▶ _Exercise prompt_
Lines from the one with "By clicking on" up to and including the one with "Hey guys, this" are to be copied exactly from the records below, without their pictures.

▶ _Task inputs_
☆ ☆ ☆

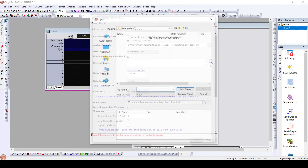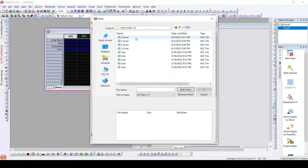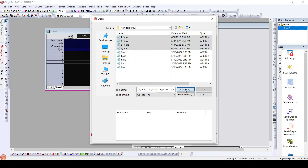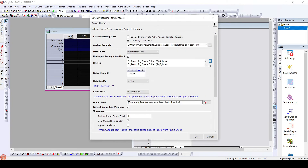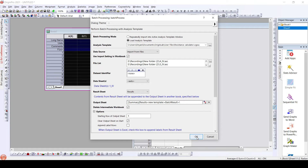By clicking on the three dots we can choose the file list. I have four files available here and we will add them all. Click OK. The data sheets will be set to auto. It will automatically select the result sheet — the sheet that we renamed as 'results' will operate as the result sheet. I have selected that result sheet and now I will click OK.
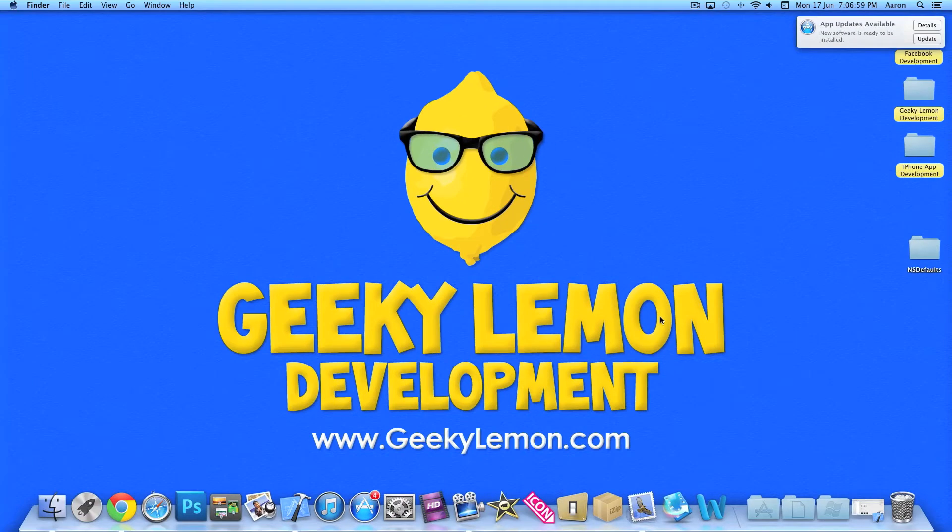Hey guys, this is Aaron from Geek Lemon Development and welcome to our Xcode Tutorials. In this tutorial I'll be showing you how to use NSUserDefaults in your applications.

☆ ☆ ☆

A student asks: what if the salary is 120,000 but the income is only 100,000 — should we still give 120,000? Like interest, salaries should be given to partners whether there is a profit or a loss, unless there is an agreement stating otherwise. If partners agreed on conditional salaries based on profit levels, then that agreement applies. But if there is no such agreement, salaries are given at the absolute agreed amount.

☆ ☆ ☆

▶ _Response below_
By clicking on the three dots we can choose the file list. I have four files available here and we will add them all. Click OK. The data sheets will be set to auto. It will automatically select the result sheet — the sheet that we renamed as 'results' will operate as the result sheet. I have selected that result sheet and now I will click OK.
Hey guys, this is Aaron from Geek Lemon Development and welcome to our Xcode Tutorials. In this tutorial I'll be showing you how to use NSUserDefaults in your applications.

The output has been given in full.